The various types of currency pairs and how to trade them


The global forex market is a vast and lucrative entity, and one that boasts a cumulative value in excess of $2.409 quadrillion.

However, did you also know that there are an estimated 170 currencies currently in use across the globe? In the forex market, these comprise various currency pairs across three distinct categories, namely major, minor and exotic assets that can be traded depending on your wider investment outlook.

In this post, we’ll review these different types of currency pairs in greater detail, while asking why you may consider trading them in the marketplace.


1. Major Currencies

There are eight major currencies currently in circulation, seven of which are paired with the US dollar (USD) to form the forex market’s major pairings.

These seven major pairs comprise 68% of the forex market’s total trading volume, while they’re renowned for their incredibly high levels of liquidity and the ease with which the underlying assets can be bought and sold.

Interestingly, these pairs are also not considered to be particularly volatile, thanks largely to their consistently high trading volumes and the fact that they typically trade within a relatively narrow price range.

To put this into context, one major pair in forex trading is the EUR/USD pair, with this entity the most widely traded currency asset in the world and one that serves as a relative safe haven in a uniquely volatile marketplace. 


2. Minor Currency Pairs

Arguably, the market for minor currency pairs is even more liquid, with this category featuring all of the world’s major currencies (apart from the USD) in a variety of combinations with one another.

In addition to enhanced liquidity, minor currency pairs are typically less commonly traded on a daily basis, while they also showcase higher levels of volatility in the marketplace.

Of course, the absence of the USD from minor pairs has a direct impact on trading volumes, with the greenback currently thought to be on one side of approximately 88% of all currency trades.

These assets are arguably more appealing to relatively risk hungry investors, particularly those that favour currencies such as the British pound (GBP) and the Japanese yen (JPY).


3. Exotic Currency Pairs

We close with exotic pairs, which feature currencies from emerging markets and frontier economies.

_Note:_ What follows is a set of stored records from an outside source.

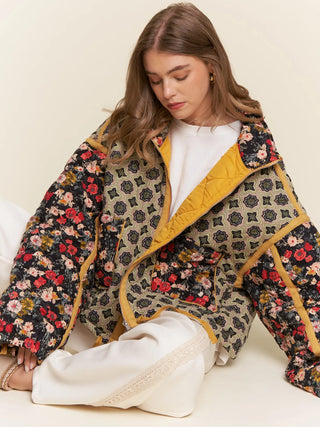 The Pumpkin Spice Quilted Jacket
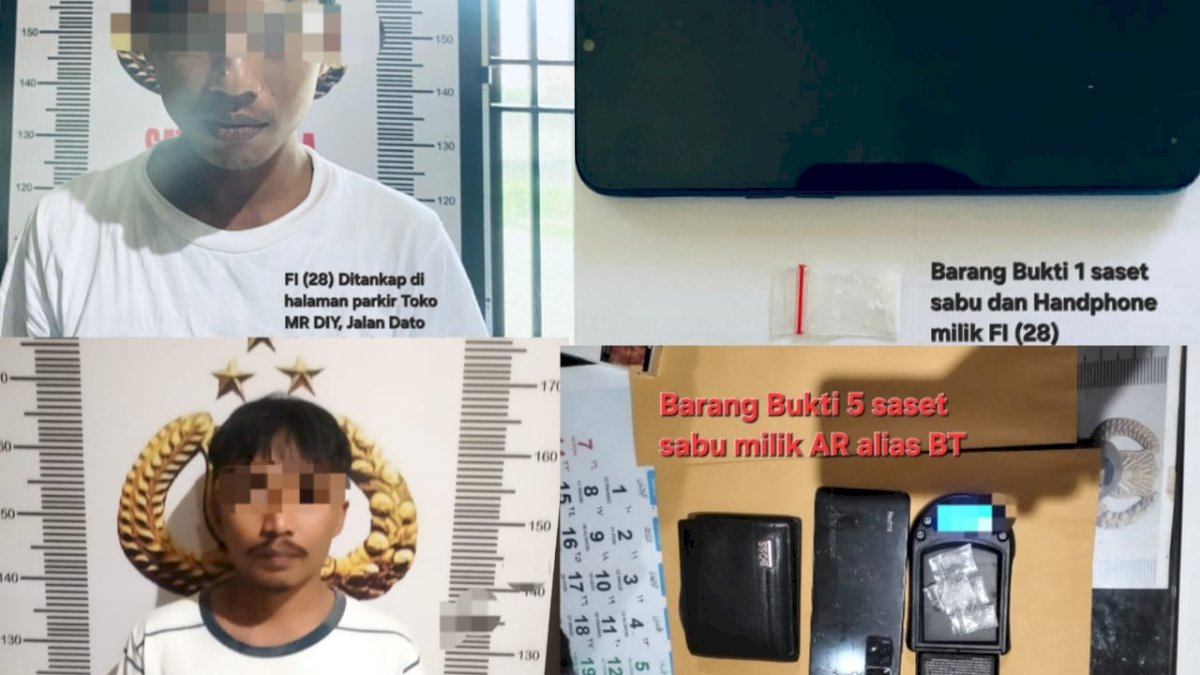 Sehari, Satresnarkoba Polres Bulukumba Ungkap Dua Kasus Peredaran Sabu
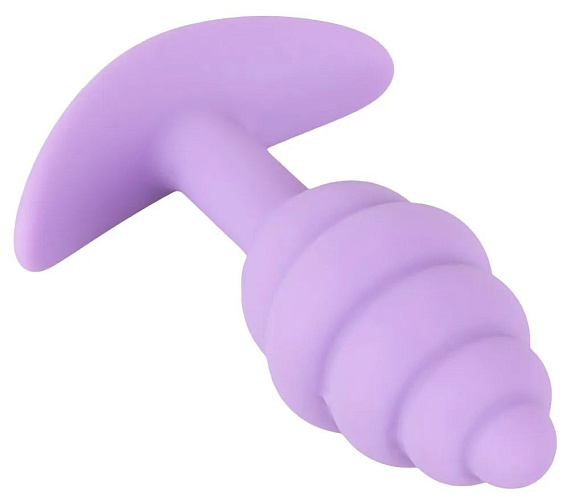 Фиолетовая анальная втулка Mini Butt Plug - 7,5 см. - фото 5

These are often combined with the USD, with prominent examples including the Mexican peso (MXN/USD) and Thai baht (THB/USD).

Make no mistake; you should only trade such pairings if you have a healthy appetite for risk, as they’re particularly volatile and can experience huge price swings within relatively short periods of time.

As a result, they tend to offer the potential for significant gains from an investor perspective, although this must be considered alongside the increased risk and likelihood of incurring losses.

So, while you can move in exotic pairs as you look to diversify and scale your interests over time, we’d recommend that you avoid this type of asset when starting out in the forex market.